KRChoksey is bullish on IRB Infrastructure Developers and has recommended buy rating on the stock with a target price of Rs 171 in its October 31, 2012 research report.
"IRB Infrastructure Developers reported Q2FY13 consolidated revenues of Rs 845 crore (up 14.9%, YoY) that is in line to expectation, primarily driven by increase in construction income at BOT projects under implementation. EBIDTA grew to Rs 381 crore (up 18.4%, YoY) and EBIDTA Margins improved by 135 bps YoY basis, primarily improved due to stable raw material prices. PAT has increased to Rs 121 crore (up 9.9%, YoY), primarily impacted by effective tax rate of 23.5% (-133 bps, YoY) and lower interest cost (-4%, QoQ), as MTM exchange gain/loss in interest cost is capitalized in assets during the construction period according to the new circular by MCA.
Toll revenue Rs 2.48 bn, Traffic growth (avg +4.5%, YoY)
Toll is hiked in Surat-Dahisar (+8.9%) and Bahruch-Surat (+7.57%) that is effective from September 2012. Excluding the toll hike, the traffic growth is lower for Mumbai-Pune (+4.2%) & Surat-Dahisar (-0.8%) on YoY basis. However, Management guided ~23.5% toll revenue growth for FY13E based on recent toll hike in Surat-Dahisar and Bahruch-Surat. We expect toll revenue of Rs 1,206 crore (+22.3%, YoY) for FY13E.

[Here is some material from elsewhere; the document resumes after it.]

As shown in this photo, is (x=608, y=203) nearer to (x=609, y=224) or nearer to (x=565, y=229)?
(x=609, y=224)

Stronger execution by EPC division, orderbacklog of Rs 95 bn
EPC revenue grew to 598 crore (+18.4%, YoY) and margins improved by 432 bps (YoY) on account of strong execution in the ongoing projects. Major revenue contributed by TA (Rs 80 cr), JT (Rs 165 crore), AP (Rs 205 crore) and Tumkur (Rs 125 crore). We expect EPC revenue of Rs 2,480 crore for FY13E as work on sites-Tumkur & Amritsar will be completed and EPC revenue from Ahmedabad-Vadodara will start in Q4FY13E. The orderbacklog of Rs 95 bn has to be executed over 2-3 years.

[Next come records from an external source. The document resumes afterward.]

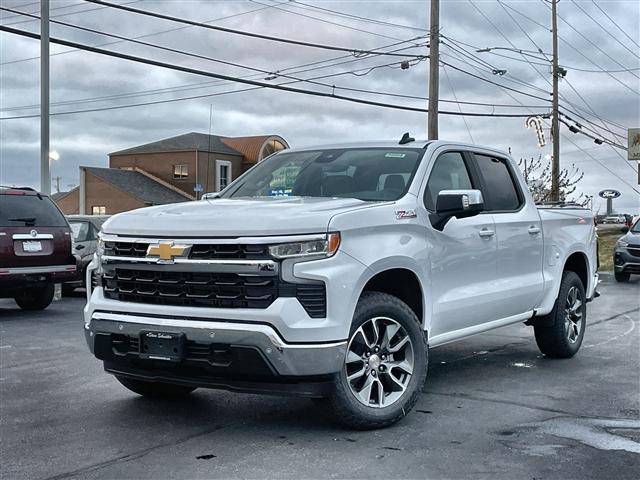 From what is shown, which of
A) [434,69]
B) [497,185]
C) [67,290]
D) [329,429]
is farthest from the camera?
[434,69]

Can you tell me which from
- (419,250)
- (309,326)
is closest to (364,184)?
(419,250)

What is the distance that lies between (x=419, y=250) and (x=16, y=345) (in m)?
5.66

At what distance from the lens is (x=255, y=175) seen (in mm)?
6824

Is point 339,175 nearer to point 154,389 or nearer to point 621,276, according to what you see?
point 154,389

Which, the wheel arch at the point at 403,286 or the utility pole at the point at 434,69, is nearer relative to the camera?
the wheel arch at the point at 403,286

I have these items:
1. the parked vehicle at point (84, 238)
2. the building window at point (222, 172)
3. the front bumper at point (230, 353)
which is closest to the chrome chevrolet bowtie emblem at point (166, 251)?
the front bumper at point (230, 353)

Valuation & outlook: We maintain our BUY rating on IRB with a target price of Rs 171, however we expect the recent concerns related to management will stay in short terms. We recommend "BUY" on IRB with TP of Rs 171 based on 1.) having best operating cashflow of Rs 15 bn in the construction industry, 2.) strong balance sheet to grab upcoming opportunities in the road sector 3.) NHAI has plan to award 9300 km of road projects in current financial year," says KRChoksey research report.